■ **Data in this exercise**:
·····
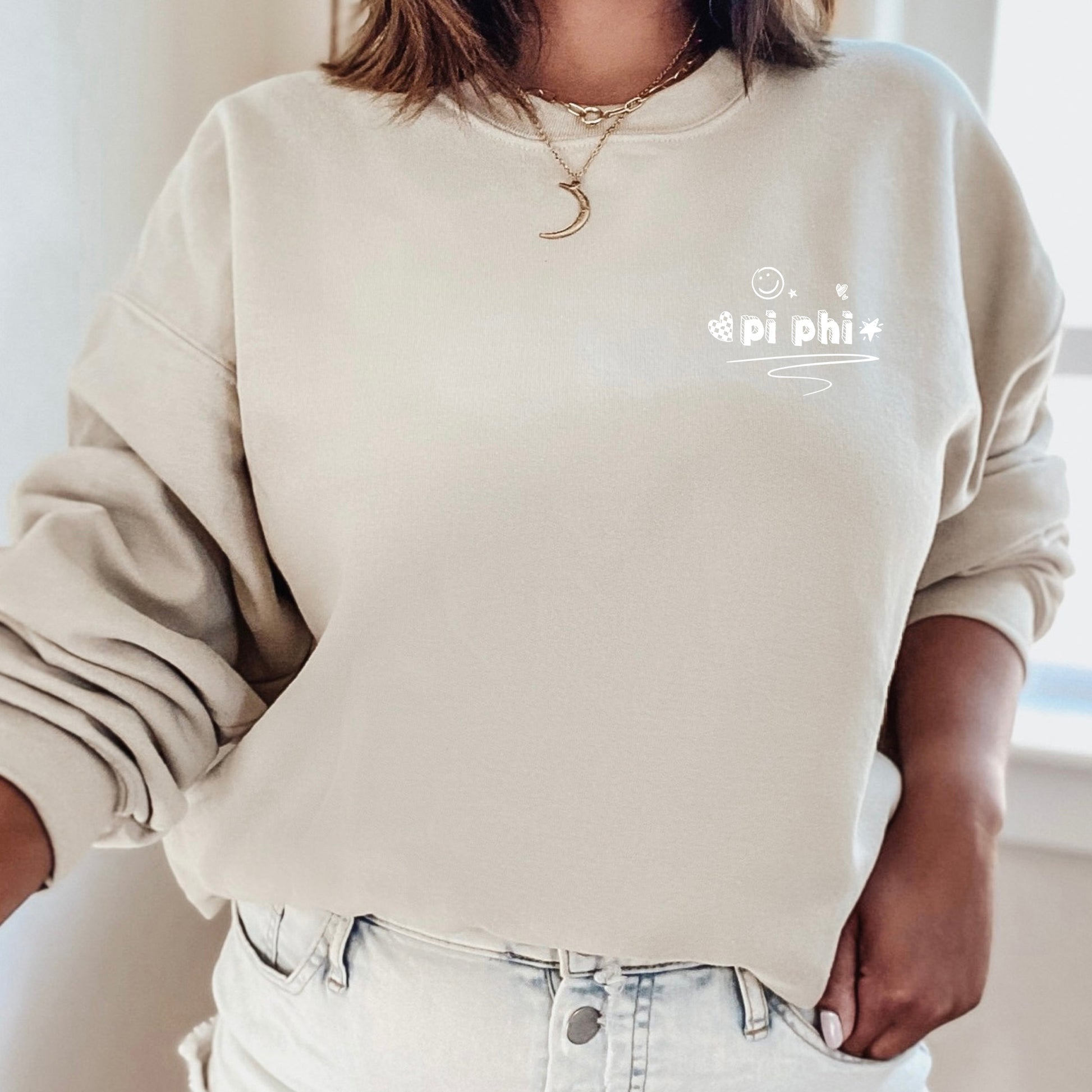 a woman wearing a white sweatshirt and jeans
·····
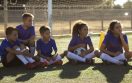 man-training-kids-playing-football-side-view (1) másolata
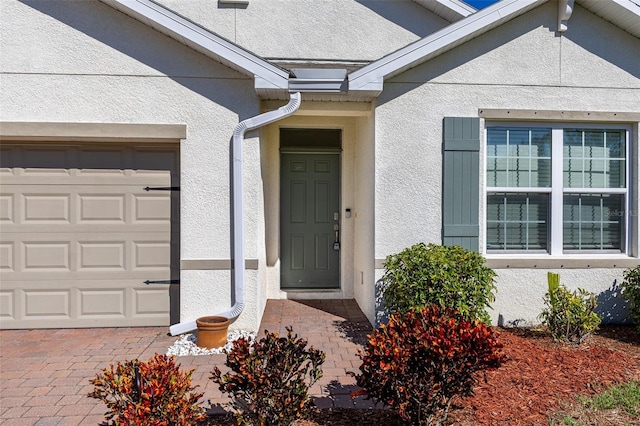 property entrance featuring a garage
·····
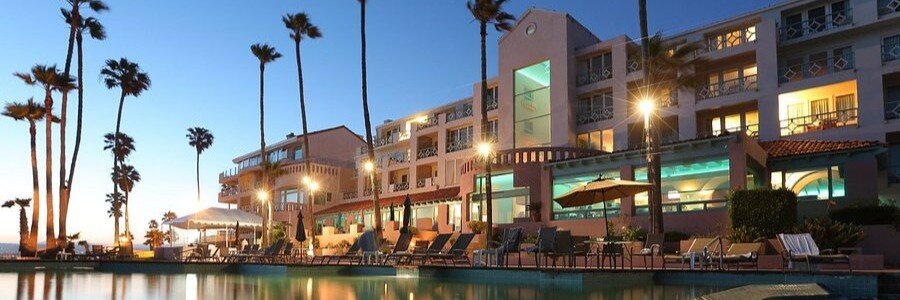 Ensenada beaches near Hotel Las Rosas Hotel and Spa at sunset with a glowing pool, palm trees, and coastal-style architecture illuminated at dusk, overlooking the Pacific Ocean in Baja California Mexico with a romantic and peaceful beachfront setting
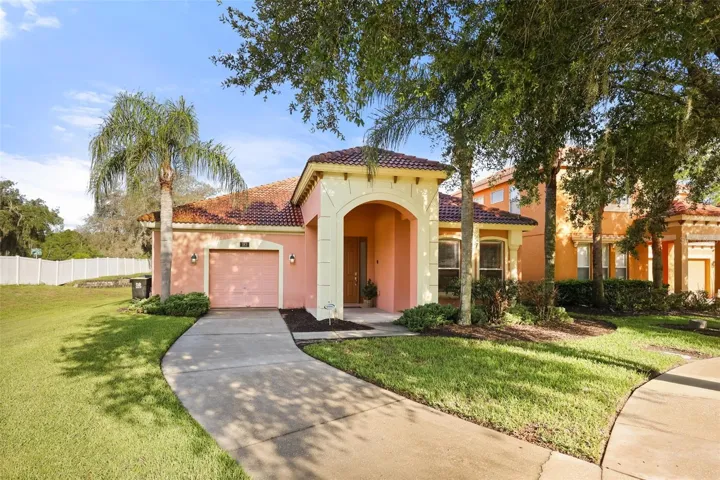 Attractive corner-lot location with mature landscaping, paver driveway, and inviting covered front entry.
·····
■ **Activity**:
Reproduce, word for word, only the lines in the records above from the line with "Ensenada beaches near" through the line with "Attractive corner-lot location", including both ends; omit the pictures.

■ **Your response**:
 Ensenada beaches near Hotel Las Rosas Hotel and Spa at sunset with a glowing pool, palm trees, and coastal-style architecture illuminated at dusk, overlooking the Pacific Ocean in Baja California Mexico with a romantic and peaceful beachfront setting
 Attractive corner-lot location with mature landscaping, paver driveway, and inviting covered front entry.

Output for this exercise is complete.